Are Fights Over Chores Unavoidable?

It was a Sunday and no one had to work. Our four children were running wild as usual, and my husband was playing a video game. As I sat there putting off picking up the house and making dinner, I couldn’t help but wish for a magic wand.

This particular Sunday I was dreading the usual household duties, and so my mind kept wandering to the stories I’ve been reading about the Amish. I am a fan of Amish love stories—mostly because of the simple way of life they depict. Compared to them, my life often feels chaotic, and I wish for their simplicity in all aspects of life in my daily routines, in my family life, and in my marriage.

When my husband and I were dating, we didn’t really talk about chores or how we would manage the housework when we got married. We were so in love that we just figured the practical things like that would take care of themselves. But we were wrong. Chores became a common argument, and even though these arguments didn’t make me question our relationship—I love my husband to the moon and beyond—there were times we got upset with each other and had different ideas of how things should be done.

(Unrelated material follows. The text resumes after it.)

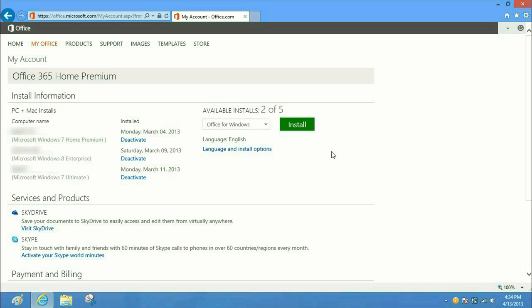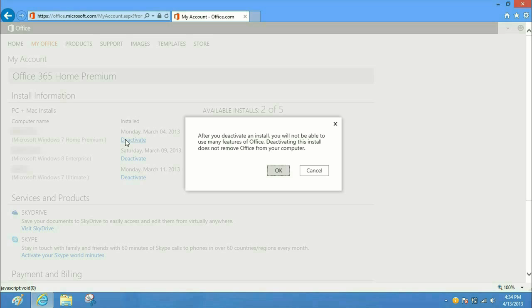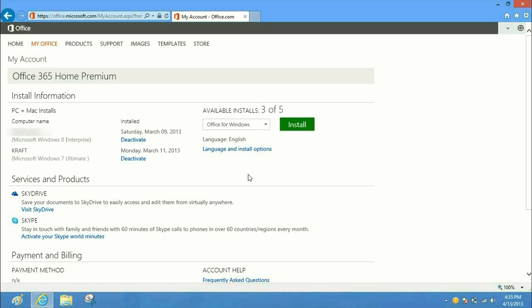Once that's done, it's going to take you to your My Account page for Office. You'll see here the installs of all the Office copies you have and how many you have left. If you want to deactivate on a certain computer, all you have to do is hit the deactivate button on the specific computer you want, and then click OK. Once you click OK, it'll be deactivated and you will be able to install it on a different computer.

At first we tried to establish different routines like cleaning things together or splitting up duties. But eventually our routine fell to pieces. We had more kids, more stuff, we moved, and our work schedules changed. And today we are at the point where our chores are no longer routine. Cleaning up toys or doing dishes should be easy, but when you wait two to three days to do these chores, they become a big ordeal.

So as I picked up one more toy that Sunday afternoon, dreaming about the Amish life, I had a realization that my husband and I needed to change something. And the Amish life gave me some ideas:

1. More Routine.

The Amish don’t live easy lives—they work from sun up to sun down and have a lot more chores than I have. But the difference is that their lifestyle is more organized—there is a pattern of family life for them to follow that sets a routine and expectations for them that automatically makes life simpler.

Having an agreed upon routine would help my husband and me to avoid miscommunications and procrastination. For example, we could agree that Monday, Wednesday, and Fridays are the days we pick up the living and dining rooms, and that Tuesday and Thursday are the days we pick up the kitchen and bathroom. If we make time in advance for chores, then we might be less likely to argue about who is doing what and when. And we might not get as overwhelmed because we’d each be doing chores more consistently.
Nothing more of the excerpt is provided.